Published in Bridges Africa Review, Vol 3, Issue 3, published by International Centre for Trade and Sustainable Development (ICTSD) on Wednesday, 9 April 2014.
What does the Bali package mean for the LDCs?
by Mustafizur Rahman
What kind of homework will LDCs need to do if they are to take advantage of the WTO MC9 decisions?
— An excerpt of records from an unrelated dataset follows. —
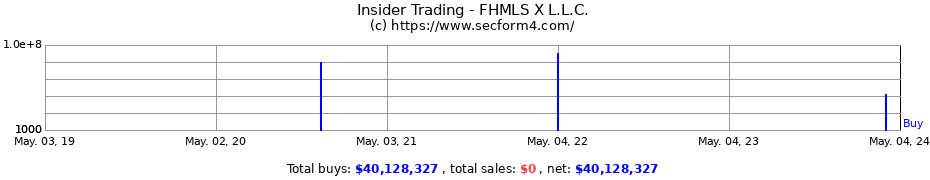 Insider Trading Transactions for FHMLS X L.L.C.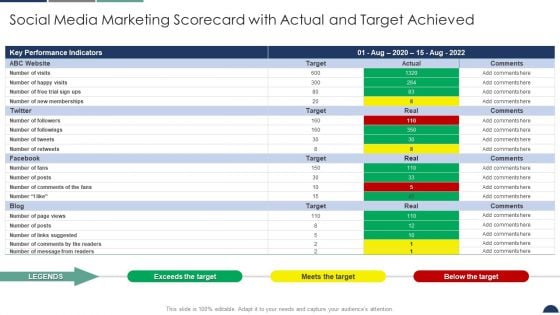 Social Media Marketing Scorecard With Actual And Target Achieved Sales And Marketing Scorecard Pictures PDF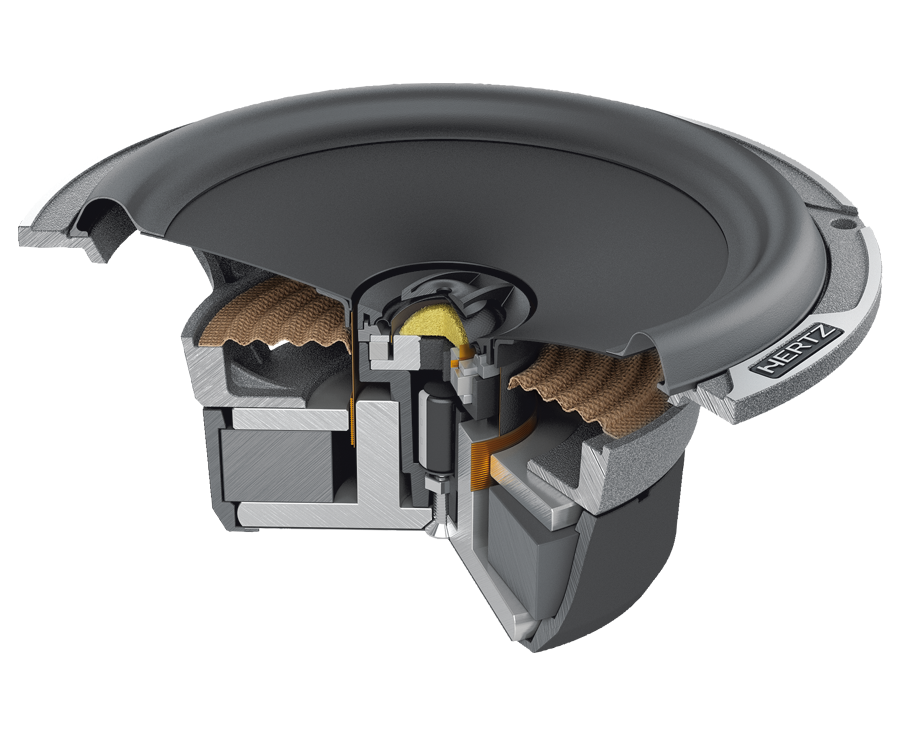 Hertz MPX-165.3 PRO - Technovol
For the Least Developed Countries (LDCs), the Ninth Ministerial Conference of the WTO (MC9) held in Bali, Indonesia on 3-7 December, 2013 was of high importance on several counts. Firstly, MC9 was able to infuse a new life into the stalled Doha Round of negotiations of the WTO and in a way that helped salvage the WTO. For relatively weaker countries a multilateral trading system is a more preferred option since it provides them with a rule-based policy platform to negotiate flexibilities, waivers and special and differential treatment. This was rather difficult to accomplish, on a non-reciprocal basis, through bilateral or plurilateral trade negotiations. Secondly, the Bali Package, with its three pillars of trade facilitation, agriculture and cotton, development and LDC issues, concerned a number of areas where LDCs had both offensive and defensive interests. Thirdly, in line with the work programme agreed in Bali, subsequent negotiations in Geneva will require a proactive engagement on the part of LDCs. The Bali decision, thus, obligates the LDCs to do the necessary homework and pursue and advance their interests through future negotiations.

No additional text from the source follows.